Magda Haroun was chosen unanimously in April to be the new president of The Egyptian Jewish Community Council following the passing of its previous leader, Carmen Weinstein, who guided the community for more than 20 years. Part of her popularity is that, at 60, she is the youngest in a dwindling Jewish community.
Haroun’s father, Shehata, was known for being staunchly anti-Zionist and loyal to his country. In 1954, he refused to leave Egypt to get leukemia treatments for his 4-year old daughter after being informed he would be given a No-Return stamp on his passport. His daughter died soon after.

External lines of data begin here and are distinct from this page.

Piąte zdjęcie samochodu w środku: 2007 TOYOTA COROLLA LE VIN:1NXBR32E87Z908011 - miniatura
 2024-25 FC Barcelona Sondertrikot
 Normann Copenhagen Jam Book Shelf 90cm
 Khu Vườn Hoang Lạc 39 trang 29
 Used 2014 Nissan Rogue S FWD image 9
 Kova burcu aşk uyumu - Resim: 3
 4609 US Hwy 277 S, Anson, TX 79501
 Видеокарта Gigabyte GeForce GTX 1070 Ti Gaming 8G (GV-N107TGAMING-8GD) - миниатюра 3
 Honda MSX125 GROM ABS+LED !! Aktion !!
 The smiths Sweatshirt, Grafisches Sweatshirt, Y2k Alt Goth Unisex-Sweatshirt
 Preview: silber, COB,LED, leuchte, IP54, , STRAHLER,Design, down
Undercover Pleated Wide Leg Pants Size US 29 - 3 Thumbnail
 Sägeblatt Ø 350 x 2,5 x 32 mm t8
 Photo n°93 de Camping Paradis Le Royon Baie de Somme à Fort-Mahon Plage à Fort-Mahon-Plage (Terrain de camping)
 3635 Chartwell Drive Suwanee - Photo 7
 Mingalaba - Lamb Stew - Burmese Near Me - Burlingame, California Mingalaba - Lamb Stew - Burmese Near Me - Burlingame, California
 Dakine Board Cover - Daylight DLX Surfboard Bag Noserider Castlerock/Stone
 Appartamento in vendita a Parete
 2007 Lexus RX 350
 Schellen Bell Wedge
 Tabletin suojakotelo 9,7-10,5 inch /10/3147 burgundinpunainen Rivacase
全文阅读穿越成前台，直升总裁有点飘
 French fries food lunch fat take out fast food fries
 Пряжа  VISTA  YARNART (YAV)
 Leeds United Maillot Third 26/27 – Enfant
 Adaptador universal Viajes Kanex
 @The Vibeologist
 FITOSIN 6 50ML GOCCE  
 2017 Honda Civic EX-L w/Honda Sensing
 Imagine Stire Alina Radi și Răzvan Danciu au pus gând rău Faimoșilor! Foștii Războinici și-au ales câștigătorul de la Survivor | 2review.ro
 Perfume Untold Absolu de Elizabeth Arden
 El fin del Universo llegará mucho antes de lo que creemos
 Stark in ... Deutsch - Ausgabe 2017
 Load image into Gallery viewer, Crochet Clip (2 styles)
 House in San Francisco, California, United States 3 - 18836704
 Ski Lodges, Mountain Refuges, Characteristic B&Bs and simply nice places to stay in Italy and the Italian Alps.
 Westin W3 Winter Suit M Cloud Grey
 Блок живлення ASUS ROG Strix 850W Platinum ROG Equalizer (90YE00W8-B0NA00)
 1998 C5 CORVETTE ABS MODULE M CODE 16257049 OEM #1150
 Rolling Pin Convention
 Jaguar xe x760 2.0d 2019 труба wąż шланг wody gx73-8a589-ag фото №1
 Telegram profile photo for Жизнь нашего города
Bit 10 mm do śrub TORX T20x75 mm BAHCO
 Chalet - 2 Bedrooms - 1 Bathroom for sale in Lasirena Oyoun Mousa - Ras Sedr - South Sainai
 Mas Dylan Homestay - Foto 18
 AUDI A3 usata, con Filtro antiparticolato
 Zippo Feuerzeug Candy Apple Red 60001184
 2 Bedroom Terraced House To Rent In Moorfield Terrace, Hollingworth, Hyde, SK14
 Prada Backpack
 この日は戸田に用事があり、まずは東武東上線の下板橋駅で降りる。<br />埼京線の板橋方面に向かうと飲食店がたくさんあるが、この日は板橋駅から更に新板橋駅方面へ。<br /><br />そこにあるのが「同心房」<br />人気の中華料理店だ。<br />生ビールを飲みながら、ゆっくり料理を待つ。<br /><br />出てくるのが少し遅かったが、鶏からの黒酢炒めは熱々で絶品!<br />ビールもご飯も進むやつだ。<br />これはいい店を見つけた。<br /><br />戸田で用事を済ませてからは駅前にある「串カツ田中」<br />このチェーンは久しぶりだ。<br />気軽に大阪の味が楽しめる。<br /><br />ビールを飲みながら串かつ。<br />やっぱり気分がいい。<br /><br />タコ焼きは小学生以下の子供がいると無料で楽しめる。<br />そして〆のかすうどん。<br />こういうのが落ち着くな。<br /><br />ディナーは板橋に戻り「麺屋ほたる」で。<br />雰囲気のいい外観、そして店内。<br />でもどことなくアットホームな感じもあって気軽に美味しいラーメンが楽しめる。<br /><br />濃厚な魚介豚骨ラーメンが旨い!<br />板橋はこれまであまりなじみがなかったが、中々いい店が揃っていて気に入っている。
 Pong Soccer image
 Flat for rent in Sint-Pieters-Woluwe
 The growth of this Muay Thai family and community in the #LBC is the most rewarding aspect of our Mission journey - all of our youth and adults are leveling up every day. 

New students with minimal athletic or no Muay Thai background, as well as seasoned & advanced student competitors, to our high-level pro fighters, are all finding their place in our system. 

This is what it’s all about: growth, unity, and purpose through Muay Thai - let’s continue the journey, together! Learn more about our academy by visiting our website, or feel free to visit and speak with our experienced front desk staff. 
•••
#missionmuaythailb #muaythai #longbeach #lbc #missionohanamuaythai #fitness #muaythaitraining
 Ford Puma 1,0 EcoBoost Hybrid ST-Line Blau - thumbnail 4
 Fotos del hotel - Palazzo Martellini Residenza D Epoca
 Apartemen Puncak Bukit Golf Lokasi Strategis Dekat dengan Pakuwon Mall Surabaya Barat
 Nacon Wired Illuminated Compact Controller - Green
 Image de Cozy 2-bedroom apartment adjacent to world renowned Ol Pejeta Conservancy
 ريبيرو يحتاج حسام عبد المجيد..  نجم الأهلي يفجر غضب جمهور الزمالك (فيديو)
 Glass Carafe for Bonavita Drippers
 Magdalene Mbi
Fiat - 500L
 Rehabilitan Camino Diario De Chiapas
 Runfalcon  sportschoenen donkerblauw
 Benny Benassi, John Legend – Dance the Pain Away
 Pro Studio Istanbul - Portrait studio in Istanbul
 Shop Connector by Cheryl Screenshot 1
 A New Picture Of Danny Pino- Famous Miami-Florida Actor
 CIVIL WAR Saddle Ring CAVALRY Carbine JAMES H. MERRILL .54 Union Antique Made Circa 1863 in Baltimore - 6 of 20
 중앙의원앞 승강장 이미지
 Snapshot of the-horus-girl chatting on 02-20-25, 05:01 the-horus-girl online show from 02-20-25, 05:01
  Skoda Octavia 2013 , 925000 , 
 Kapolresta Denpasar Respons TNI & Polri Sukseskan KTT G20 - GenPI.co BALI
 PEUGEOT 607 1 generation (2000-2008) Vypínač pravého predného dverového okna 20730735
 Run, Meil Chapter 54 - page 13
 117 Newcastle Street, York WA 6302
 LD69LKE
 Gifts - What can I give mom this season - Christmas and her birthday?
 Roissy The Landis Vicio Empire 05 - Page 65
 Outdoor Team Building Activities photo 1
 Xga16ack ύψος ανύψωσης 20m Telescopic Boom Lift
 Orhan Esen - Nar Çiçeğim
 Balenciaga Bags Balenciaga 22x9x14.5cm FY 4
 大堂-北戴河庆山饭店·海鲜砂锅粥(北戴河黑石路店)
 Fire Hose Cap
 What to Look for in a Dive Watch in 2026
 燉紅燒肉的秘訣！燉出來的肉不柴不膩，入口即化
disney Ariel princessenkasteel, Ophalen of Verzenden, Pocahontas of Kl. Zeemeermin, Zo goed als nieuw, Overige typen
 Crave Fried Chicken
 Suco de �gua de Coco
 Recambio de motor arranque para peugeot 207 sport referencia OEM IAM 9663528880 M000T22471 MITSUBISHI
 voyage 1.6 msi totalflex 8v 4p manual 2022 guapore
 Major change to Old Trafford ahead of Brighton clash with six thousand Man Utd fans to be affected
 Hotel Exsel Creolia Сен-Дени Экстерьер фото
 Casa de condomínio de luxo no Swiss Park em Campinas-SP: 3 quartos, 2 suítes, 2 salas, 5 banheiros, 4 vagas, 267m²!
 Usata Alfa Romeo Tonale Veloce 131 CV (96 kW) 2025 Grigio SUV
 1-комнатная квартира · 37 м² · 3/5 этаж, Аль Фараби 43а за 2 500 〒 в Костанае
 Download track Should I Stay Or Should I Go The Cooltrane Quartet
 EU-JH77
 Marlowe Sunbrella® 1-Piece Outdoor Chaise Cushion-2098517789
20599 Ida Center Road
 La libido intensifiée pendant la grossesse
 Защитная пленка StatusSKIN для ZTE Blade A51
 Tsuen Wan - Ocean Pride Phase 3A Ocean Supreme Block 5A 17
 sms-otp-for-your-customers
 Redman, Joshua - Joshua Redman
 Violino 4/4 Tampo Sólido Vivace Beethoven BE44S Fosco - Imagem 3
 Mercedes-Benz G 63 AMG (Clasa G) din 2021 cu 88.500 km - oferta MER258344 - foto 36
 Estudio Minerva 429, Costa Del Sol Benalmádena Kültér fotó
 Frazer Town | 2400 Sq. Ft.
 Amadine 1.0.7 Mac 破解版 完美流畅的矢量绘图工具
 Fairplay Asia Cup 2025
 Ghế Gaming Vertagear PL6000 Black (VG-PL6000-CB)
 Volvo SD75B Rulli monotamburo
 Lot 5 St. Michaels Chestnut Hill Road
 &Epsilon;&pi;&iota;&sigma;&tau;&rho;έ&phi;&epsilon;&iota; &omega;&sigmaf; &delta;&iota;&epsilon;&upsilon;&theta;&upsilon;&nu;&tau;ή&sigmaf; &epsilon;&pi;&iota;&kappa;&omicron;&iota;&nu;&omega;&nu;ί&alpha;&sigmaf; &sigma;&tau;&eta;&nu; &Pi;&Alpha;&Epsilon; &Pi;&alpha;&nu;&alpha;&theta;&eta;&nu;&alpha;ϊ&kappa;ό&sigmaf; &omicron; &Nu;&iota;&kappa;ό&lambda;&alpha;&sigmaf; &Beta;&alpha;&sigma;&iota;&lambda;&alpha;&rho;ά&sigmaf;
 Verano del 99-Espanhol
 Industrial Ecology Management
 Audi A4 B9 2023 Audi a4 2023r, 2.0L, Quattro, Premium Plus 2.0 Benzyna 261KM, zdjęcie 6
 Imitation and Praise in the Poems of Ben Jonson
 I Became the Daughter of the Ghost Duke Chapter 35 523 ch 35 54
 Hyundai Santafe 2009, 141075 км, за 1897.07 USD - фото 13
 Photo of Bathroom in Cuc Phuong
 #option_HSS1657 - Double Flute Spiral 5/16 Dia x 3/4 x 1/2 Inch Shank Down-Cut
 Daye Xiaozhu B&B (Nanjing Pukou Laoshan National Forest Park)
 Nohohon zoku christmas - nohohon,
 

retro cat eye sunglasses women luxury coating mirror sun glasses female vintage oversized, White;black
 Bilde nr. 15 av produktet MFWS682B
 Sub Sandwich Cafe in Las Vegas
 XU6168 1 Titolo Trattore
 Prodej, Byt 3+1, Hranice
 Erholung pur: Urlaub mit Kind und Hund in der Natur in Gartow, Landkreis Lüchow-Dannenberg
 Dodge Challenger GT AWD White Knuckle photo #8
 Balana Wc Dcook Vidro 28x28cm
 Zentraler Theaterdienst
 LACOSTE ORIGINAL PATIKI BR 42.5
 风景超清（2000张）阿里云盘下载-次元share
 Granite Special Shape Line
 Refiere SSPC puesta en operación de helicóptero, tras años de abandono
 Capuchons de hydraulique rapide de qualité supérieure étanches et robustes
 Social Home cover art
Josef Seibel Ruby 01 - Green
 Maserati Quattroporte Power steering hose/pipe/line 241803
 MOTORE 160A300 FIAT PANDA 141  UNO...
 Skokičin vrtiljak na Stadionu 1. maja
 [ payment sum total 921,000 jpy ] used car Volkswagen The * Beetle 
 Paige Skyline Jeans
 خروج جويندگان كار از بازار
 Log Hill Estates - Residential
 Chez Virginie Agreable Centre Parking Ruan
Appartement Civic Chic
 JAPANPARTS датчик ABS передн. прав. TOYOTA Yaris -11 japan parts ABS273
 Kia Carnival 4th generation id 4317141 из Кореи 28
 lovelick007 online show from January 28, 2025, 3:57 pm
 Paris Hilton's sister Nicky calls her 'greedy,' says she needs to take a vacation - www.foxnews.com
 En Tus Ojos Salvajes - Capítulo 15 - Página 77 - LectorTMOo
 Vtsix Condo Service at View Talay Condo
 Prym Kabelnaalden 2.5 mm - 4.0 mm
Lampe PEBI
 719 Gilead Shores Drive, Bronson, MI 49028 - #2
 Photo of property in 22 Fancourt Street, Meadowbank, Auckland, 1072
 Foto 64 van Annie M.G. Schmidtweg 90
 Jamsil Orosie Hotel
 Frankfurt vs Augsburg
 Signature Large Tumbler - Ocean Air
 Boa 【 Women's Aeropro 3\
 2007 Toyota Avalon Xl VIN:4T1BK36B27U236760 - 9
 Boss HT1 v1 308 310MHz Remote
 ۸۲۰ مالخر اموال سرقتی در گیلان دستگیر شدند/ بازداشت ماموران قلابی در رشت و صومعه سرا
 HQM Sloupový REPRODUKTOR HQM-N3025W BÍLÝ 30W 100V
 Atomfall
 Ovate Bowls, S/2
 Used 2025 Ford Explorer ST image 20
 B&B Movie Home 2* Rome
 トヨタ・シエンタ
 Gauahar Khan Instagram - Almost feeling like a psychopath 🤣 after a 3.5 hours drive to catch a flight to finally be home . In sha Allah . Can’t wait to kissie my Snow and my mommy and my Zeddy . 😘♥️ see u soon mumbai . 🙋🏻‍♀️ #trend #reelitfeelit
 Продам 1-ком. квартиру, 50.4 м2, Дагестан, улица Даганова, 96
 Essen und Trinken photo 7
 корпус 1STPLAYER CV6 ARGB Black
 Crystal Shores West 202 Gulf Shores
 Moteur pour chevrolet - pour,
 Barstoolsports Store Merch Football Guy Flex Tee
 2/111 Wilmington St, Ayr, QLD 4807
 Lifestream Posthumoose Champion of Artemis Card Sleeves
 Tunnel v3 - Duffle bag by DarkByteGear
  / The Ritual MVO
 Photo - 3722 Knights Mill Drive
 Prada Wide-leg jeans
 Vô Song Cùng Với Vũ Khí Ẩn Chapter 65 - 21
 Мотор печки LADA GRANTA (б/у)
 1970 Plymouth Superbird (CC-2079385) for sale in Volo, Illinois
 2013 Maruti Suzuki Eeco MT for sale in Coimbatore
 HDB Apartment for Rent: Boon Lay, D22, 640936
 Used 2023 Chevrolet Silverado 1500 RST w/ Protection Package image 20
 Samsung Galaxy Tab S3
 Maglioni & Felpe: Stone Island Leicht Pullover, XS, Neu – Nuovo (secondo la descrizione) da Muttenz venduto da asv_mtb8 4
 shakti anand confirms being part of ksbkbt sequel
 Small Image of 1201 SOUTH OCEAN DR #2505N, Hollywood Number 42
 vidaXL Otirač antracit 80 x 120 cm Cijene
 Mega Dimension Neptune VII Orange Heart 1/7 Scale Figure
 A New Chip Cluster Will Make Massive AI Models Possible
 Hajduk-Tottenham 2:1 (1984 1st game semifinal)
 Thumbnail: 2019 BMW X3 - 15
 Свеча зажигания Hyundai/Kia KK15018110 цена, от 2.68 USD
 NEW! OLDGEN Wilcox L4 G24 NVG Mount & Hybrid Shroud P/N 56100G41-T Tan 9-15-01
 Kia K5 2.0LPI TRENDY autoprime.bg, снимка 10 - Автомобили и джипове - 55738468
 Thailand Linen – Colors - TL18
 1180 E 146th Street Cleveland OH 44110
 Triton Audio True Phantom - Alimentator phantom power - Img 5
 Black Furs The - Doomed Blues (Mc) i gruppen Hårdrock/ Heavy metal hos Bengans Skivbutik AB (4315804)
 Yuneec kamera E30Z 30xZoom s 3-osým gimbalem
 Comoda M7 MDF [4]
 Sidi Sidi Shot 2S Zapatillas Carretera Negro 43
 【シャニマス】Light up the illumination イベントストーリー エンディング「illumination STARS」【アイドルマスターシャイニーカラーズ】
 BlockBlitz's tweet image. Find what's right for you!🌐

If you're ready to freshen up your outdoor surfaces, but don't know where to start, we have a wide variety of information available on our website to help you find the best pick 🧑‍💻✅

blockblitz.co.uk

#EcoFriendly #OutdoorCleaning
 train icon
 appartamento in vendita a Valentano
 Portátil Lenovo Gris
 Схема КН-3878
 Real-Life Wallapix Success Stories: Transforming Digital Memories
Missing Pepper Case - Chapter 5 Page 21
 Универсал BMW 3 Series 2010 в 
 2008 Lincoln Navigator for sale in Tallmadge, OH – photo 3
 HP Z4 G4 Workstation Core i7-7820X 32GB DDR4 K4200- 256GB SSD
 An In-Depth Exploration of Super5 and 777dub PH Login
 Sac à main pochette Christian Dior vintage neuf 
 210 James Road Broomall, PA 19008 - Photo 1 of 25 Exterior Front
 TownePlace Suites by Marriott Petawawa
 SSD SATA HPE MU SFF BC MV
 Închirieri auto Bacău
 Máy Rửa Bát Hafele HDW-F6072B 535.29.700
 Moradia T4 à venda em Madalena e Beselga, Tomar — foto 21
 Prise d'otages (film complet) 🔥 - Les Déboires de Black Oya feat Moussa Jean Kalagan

The Jewish community has not fared much better since then, including under Mohamed Morsi’s tenure. This past year, the Ministry of Social Affairs cancelled a $13,000 grant to the Jewish community without notifying its leadership. The grant was vital to the remaining Jewish community, which has practically no other source of income.
“Many people do not understand that I belong to my country regardless of my religion. Zionism is a racist movement that discriminates between people on the basis of religion. They do not understand that I am loyal to my country, not Israel. It was our father that nurtured those feelings of fierce loyalty in us,” Haroun said in a recent interview with Egypt Independent.
”The failure to draw a distinction between Judaism as a religion and the Israeli state is the result of ignorance,” she continued. “Just like not every Muslim is a member of al-Qaida, not every Jew is an Israeli.”
Despite the troubles Haroun and the community have faced, they have no intention of leaving Egypt.
“I am loyal to my country, not Israel,” Haroun told Egypt Independent. “When someone asks why we have not left the country, I feel provoked. Why would we leave the country and emigrate? And where would we go? Why do some people think that all the Jews should immigrate to Israel? Do all Muslim immigrate to Saudi Arabia?”